* _Assignment_
Among the entries below, find the line with "EATME(イートミー)の「", then quote it and each following line up to and including the line with "dùng chịu thiệt", and nothing else.

* _Exercise materials_
▼▼▼
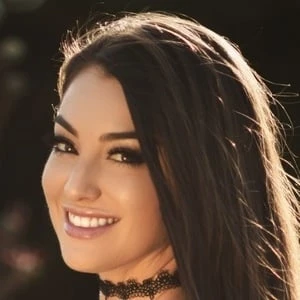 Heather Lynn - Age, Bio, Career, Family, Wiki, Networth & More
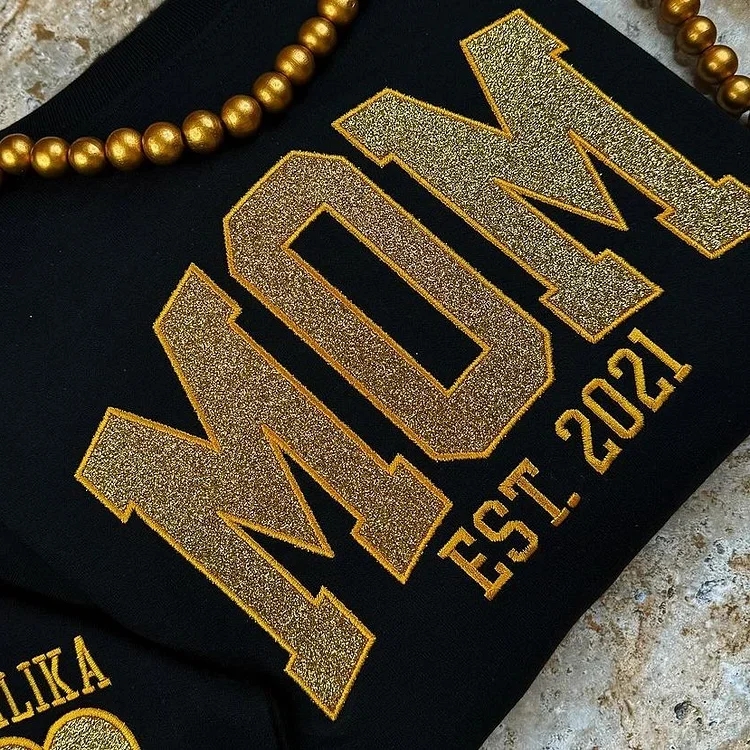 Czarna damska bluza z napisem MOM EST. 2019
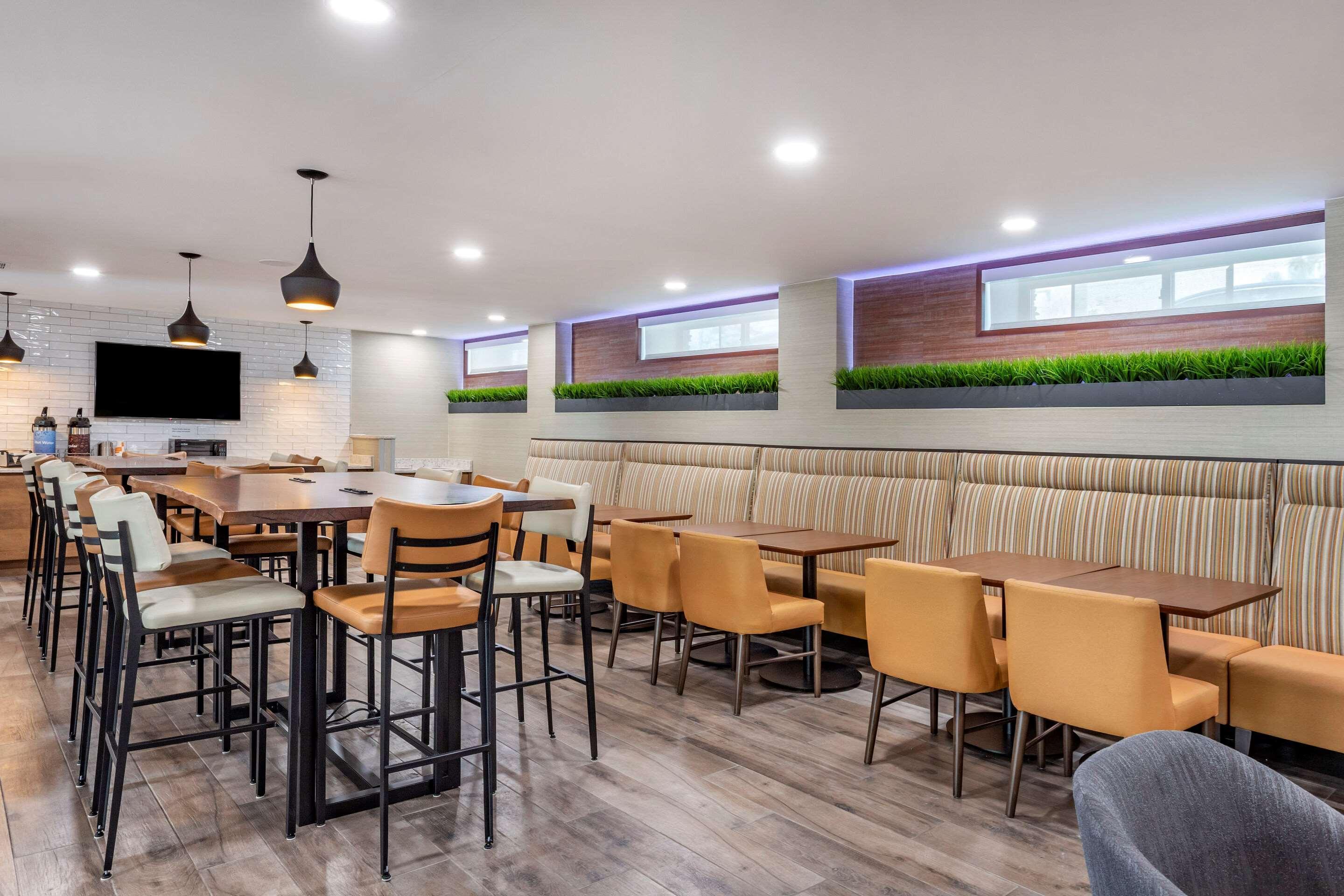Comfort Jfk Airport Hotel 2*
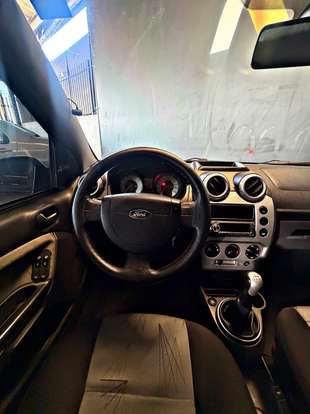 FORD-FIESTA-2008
▲▲▲
▼▼▼
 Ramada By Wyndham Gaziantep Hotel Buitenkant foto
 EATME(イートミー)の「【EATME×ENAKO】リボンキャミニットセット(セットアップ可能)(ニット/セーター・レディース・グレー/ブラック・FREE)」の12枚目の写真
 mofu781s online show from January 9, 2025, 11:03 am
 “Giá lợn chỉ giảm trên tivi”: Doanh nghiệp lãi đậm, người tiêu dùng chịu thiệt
▲▲▲
* _Answer to this problem_
 EATME(イートミー)の「【EATME×ENAKO】リボンキャミニットセット(セットアップ可能)(ニット/セーター・レディース・グレー/ブラック・FREE)」の12枚目の写真
 mofu781s online show from January 9, 2025, 11:03 am
 “Giá lợn chỉ giảm trên tivi”: Doanh nghiệp lãi đậm, người tiêu dùng chịu thiệt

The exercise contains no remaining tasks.